Designing for Android
Let’s face it, as designers, the Android platform is terrifying. Android is a mixed bag of operating system versions, frozen dessert names, and pixel densities — something that designers, don’t want to worry about. The goal of this article is to help you make sense of the Android ecosystem, and start thinking about designing across several screen sizes and resolutions. We’ll provide you with a few tools, helpful links, and do our best to get you started on this platform; it’s the stuff we wish someone had explained to us earlier on. Once understood, there’s an endless sea of users just waiting to get their hands on the next great thing, your app, maybe…
01 First things first, get a device in your hands
Nothing will get this process running quicker and more efficiently than having a device in your hands. Use it, try it out, swipe around, type stuff in, download an app. Do your best to accomplish an everyday smartphone task. To choose a device there are few things to consider, we’ll give you our thoughts on devices as well. First, Samsung, HTC and Motorola consume well over half of the total market share for Android, and HTC and Motorola specifically run a customized theme of, what we refer to as “pure Android” style. We suggest starting with a Nexus model as of 2013. Nexus is currently produced by Google though LG, previously Samsung and HTC, resulting in what we call a “pure Android” experience. Other carriers and manufacturers pack the phone with a custom Android theme, and various applications that you might not need, Nexus does not. One other bonus to Nexus, is that you can stay up to date with software earlier as Nexus get’s software updates before the other manufactures.
Secondly, we recommend getting as many devices in your hands as you can. It’s important to understand how different the experience can be across different carriers, screen sizes, operating systems, and pixel densities. Try out the HTX one, Galaxy s3 and the Motorola Droid 4.

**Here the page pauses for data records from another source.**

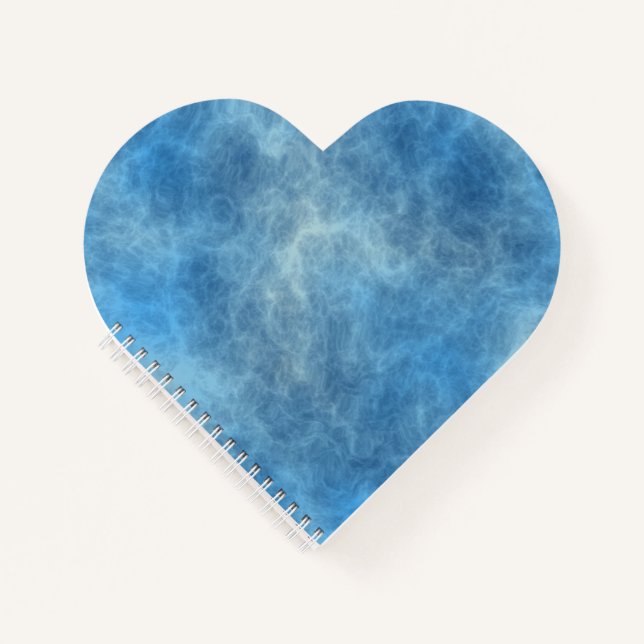 Blue Marble Abstract Notebook (Front)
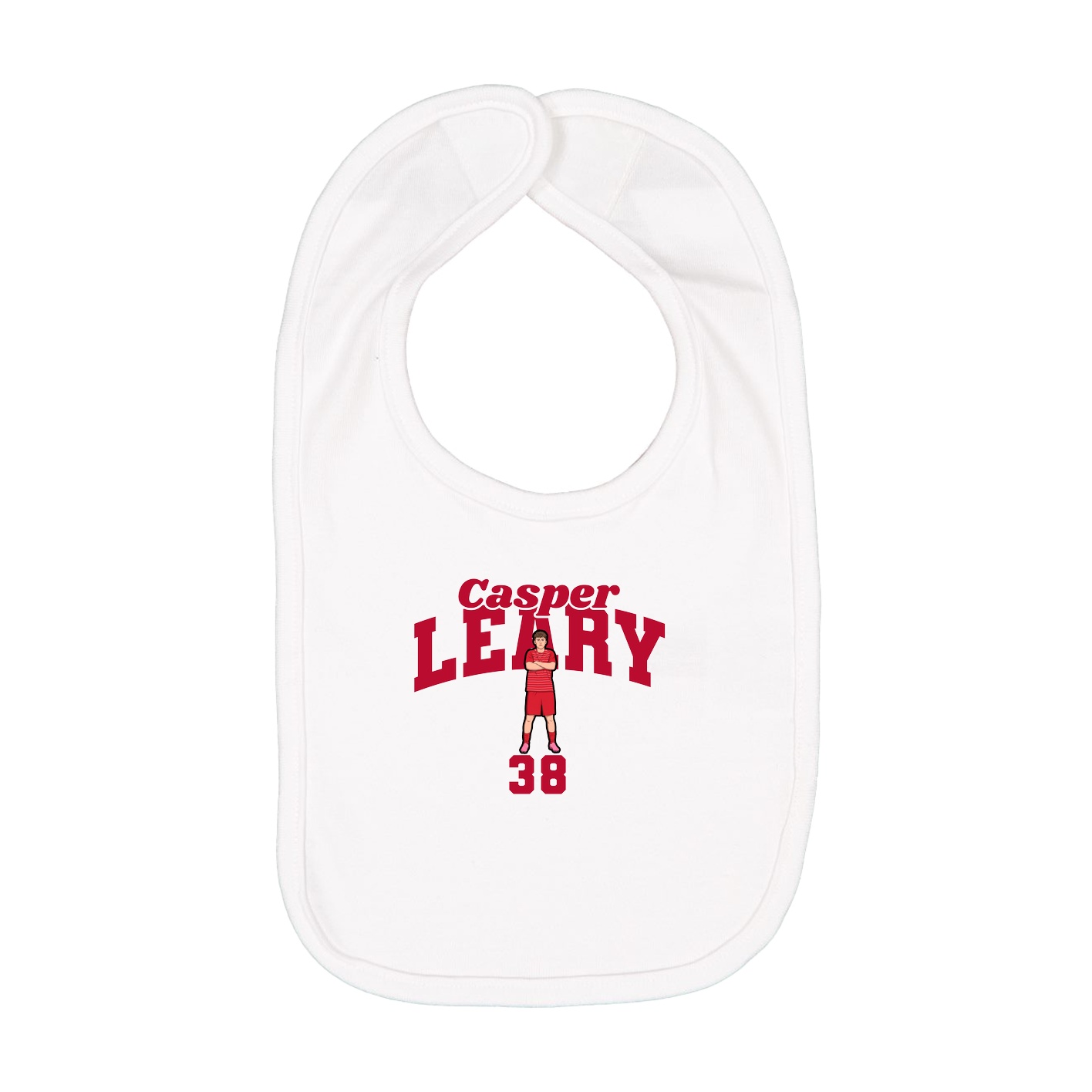 Infant Bib — Signature Arch in White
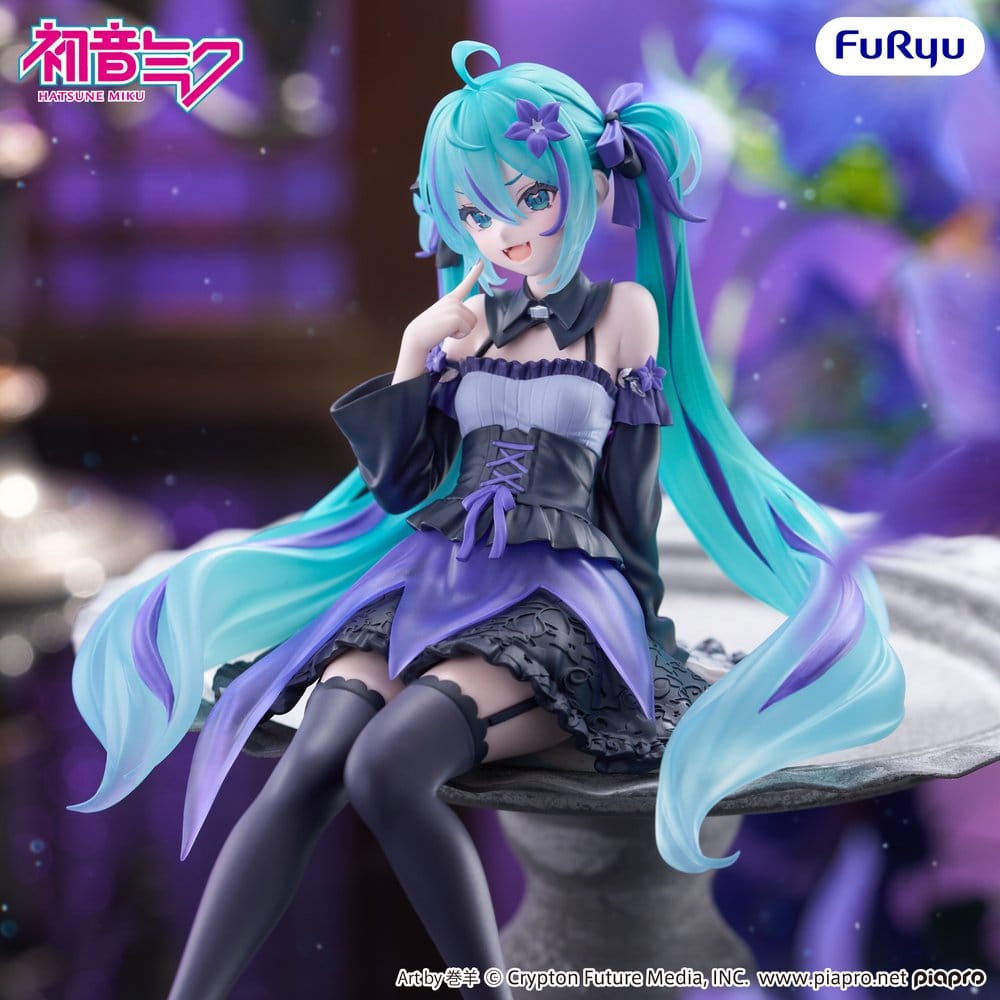 Hatsune Miku - Hatsune Miku: Flower Fairy Bellflower Ver. - Noodle Stopper PVC Figur (14 cm)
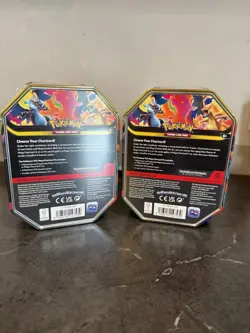 Pokemon TCG Mega Charizard X And Y ex Tins Lot Of 2 - Image 2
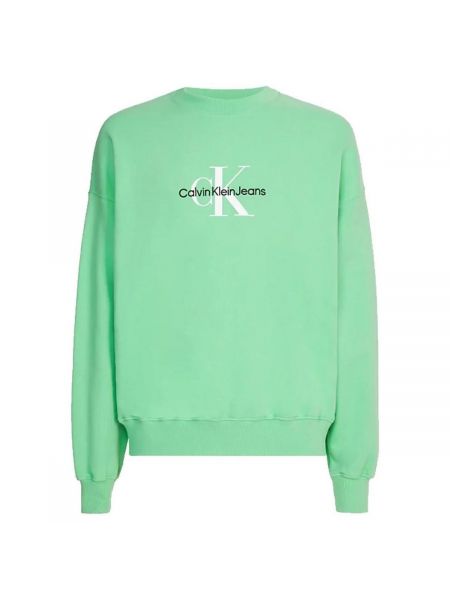 Bluza Calvin Klein Jeans zielona
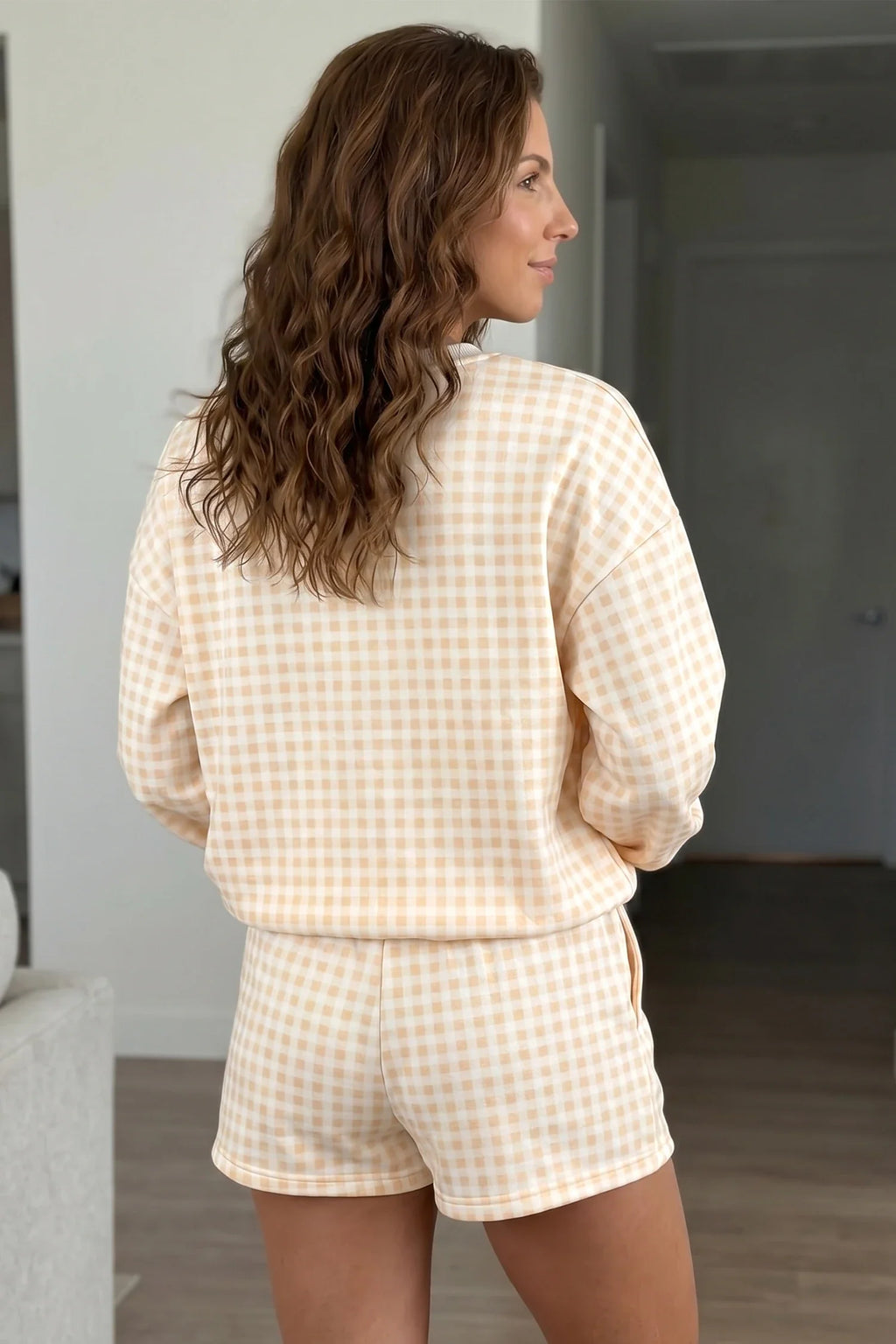 PREORDER: The Marlowe Gingham Lounge Set 8.3.26 osym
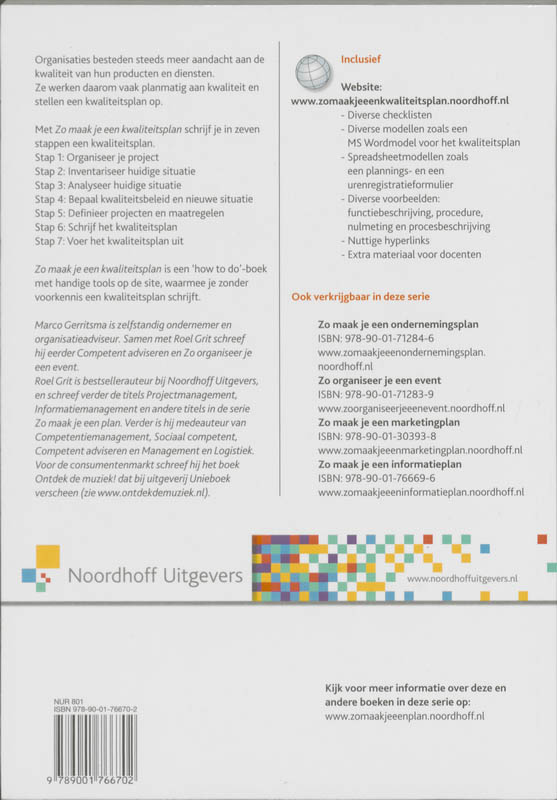 Zo maak je een kwaliteitsplan / Leerboek achterkant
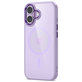 Ovitek MagMat MagSafe za iPhone 17, Lavender/Clear, Tech-Protect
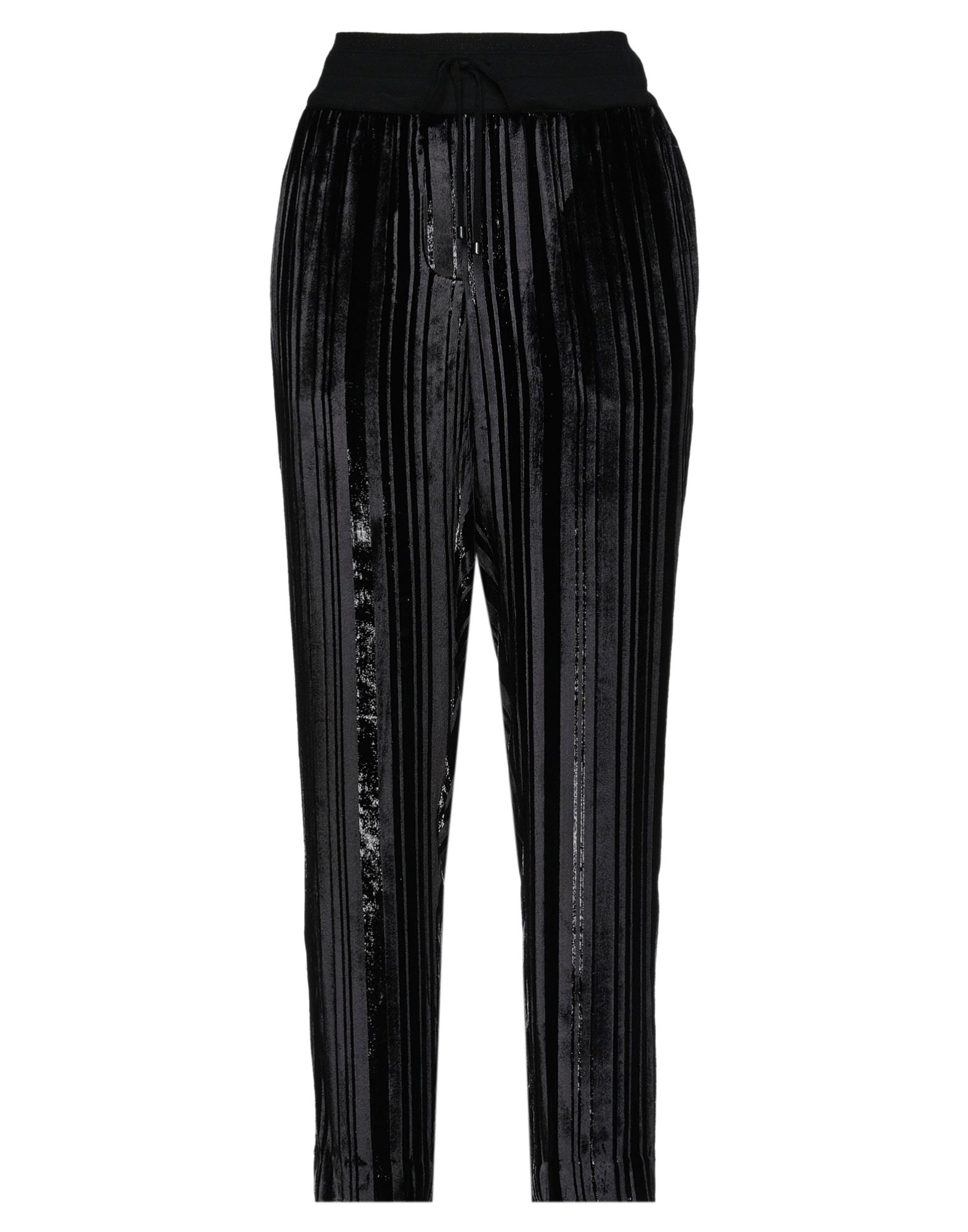 Shop Lorena Hayot By Lorena Antoniazzi Woman Pants Black Size 6 Viscose, Nylon, Silk
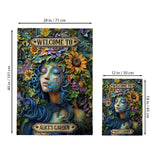 Welcome To My Garden - Personalized Gardening Garden Flag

02 Understanding Screen Size & DPI
Understanding the complexities of varying screen sizes, resolutions, pixel densities, etc. is paramount in understanding where to start with Android. There are three terms to address separately when designing for Android, they all seem like they could be synonyms, but they aren’t.
Resolution: The total number of physical pixels on a screen at one time.
Screen Density: The number of pixels within a physical area of the screen. When we talk of this, we are talking about DPI, or dots per inch. There are 4 levels of screen density within Android. lDPI, mDPI, hDPI, and xhDPI. If a graphic scales across all 4 of these levels, some manual graphic editing may be warranted, while not completely necessary. For example, when you put your thumb on the screen, how many pixels are you touching? It varies between devices.
*Density-Independent Pixels (DP): The goal of DP is to make that beautiful button you designed looks crisp and is the same physical size on all Android devices. Your thumb doesn’t change dimensions across devices so neither should your button.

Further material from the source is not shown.